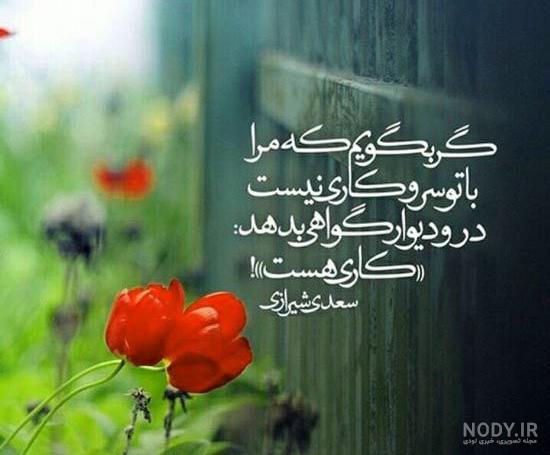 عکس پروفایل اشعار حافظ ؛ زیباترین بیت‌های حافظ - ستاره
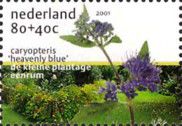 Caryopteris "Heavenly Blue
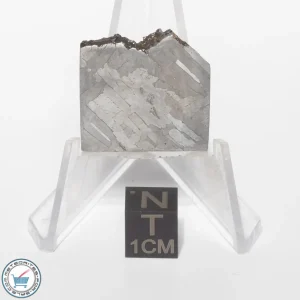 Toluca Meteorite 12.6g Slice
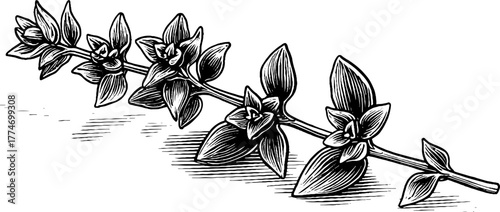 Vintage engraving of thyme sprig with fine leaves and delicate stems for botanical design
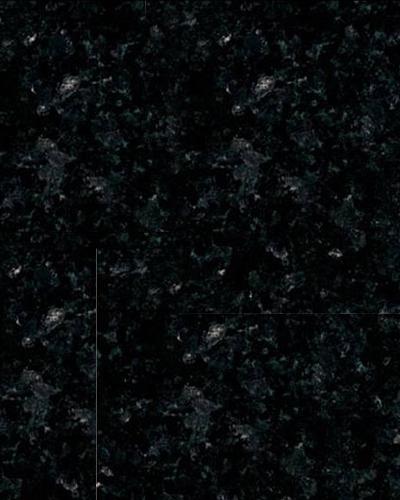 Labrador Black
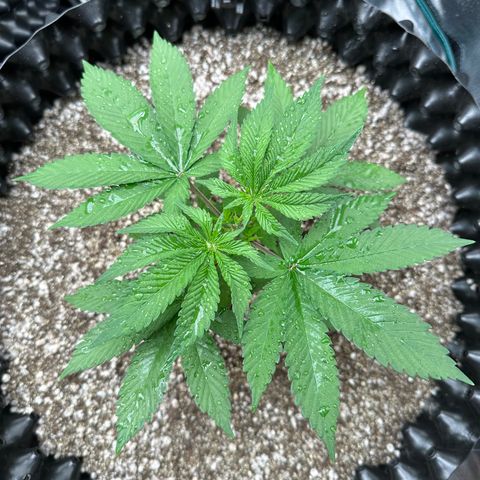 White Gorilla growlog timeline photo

□ □ □ □

EXERCISE DESCRIPTION: Print every entry above again, exactly as written. Leave the images out.

SOLUTION TO THIS EXERCISE:
 عکس پروفایل اشعار حافظ ؛ زیباترین بیت‌های حافظ - ستاره
 Caryopteris "Heavenly Blue
 Toluca Meteorite 12.6g Slice
 Vintage engraving of thyme sprig with fine leaves and delicate stems for botanical design
 Labrador Black
 White Gorilla growlog timeline photo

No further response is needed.